- [WORK ITEM] Below are several records. Retype exactly those lines running from the one with "1980 resin and swaroski necklace" through the one with "Step2 Nautical Rain", end lines included, and no others.

───── INFORMATION

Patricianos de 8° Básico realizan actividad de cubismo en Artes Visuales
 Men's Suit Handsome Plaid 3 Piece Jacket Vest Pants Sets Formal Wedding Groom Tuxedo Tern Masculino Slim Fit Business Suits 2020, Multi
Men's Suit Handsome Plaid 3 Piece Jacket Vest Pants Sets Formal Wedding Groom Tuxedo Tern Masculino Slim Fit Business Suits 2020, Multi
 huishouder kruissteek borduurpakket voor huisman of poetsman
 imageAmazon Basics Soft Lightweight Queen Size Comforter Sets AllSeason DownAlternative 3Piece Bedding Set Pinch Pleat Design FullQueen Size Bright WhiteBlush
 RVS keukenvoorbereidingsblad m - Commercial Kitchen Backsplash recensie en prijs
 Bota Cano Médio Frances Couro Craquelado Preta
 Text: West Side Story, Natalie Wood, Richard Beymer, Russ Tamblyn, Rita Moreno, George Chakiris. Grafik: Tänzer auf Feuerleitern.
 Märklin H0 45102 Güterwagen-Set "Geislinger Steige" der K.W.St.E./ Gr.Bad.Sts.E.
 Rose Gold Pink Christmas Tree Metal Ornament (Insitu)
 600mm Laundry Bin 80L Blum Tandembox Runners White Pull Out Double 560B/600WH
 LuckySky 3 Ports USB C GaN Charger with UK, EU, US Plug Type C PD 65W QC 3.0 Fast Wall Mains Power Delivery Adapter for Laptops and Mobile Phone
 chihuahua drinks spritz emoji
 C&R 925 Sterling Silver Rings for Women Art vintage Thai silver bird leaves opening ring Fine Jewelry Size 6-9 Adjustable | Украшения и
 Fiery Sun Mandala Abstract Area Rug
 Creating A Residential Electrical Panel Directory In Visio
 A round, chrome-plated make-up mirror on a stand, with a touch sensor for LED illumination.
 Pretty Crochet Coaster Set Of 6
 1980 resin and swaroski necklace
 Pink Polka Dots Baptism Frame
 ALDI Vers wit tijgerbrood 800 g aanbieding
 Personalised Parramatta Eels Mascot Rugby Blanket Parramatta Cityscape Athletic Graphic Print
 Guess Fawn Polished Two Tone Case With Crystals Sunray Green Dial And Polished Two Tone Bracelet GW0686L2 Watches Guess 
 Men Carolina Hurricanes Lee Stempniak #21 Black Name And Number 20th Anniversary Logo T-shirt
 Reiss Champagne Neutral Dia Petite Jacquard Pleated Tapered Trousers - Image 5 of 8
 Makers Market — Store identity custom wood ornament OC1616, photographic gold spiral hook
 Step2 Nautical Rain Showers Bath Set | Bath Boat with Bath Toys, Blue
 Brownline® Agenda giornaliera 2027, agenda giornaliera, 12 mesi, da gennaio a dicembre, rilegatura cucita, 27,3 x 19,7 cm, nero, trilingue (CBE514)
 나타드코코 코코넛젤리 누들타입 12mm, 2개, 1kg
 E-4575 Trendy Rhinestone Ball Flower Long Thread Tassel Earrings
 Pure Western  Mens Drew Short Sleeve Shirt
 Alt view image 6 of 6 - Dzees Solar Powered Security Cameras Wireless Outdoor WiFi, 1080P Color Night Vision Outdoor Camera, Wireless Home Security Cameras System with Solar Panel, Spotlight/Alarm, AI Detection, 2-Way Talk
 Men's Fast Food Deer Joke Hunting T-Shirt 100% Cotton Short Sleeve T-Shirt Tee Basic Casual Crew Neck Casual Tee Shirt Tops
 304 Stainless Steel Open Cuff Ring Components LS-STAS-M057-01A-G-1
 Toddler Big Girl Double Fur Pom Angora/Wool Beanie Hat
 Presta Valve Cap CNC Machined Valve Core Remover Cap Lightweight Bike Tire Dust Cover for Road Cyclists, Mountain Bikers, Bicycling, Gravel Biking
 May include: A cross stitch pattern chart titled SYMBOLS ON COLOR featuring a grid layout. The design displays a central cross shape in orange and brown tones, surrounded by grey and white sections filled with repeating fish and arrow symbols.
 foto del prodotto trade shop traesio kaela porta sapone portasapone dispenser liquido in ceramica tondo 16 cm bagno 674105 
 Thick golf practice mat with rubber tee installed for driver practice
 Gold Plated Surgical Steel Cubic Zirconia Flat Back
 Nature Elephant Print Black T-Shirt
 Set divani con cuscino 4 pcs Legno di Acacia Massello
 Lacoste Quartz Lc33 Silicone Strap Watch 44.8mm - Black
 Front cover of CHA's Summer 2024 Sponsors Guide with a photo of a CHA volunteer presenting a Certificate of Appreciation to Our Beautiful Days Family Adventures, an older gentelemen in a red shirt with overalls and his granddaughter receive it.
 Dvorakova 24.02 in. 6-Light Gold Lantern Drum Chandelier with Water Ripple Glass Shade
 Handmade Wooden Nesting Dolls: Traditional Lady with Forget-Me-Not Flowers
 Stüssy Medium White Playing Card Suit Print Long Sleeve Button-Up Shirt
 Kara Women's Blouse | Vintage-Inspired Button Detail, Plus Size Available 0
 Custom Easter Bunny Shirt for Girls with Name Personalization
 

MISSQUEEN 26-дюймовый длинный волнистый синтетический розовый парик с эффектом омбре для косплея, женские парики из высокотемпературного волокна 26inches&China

──────────

- [EXERCISE ANSWER]
 1980 resin and swaroski necklace
 Pink Polka Dots Baptism Frame
 ALDI Vers wit tijgerbrood 800 g aanbieding
 Personalised Parramatta Eels Mascot Rugby Blanket Parramatta Cityscape Athletic Graphic Print
 Guess Fawn Polished Two Tone Case With Crystals Sunray Green Dial And Polished Two Tone Bracelet GW0686L2 Watches Guess 
 Men Carolina Hurricanes Lee Stempniak #21 Black Name And Number 20th Anniversary Logo T-shirt
 Reiss Champagne Neutral Dia Petite Jacquard Pleated Tapered Trousers - Image 5 of 8
 Makers Market — Store identity custom wood ornament OC1616, photographic gold spiral hook
 Step2 Nautical Rain Showers Bath Set | Bath Boat with Bath Toys, Blue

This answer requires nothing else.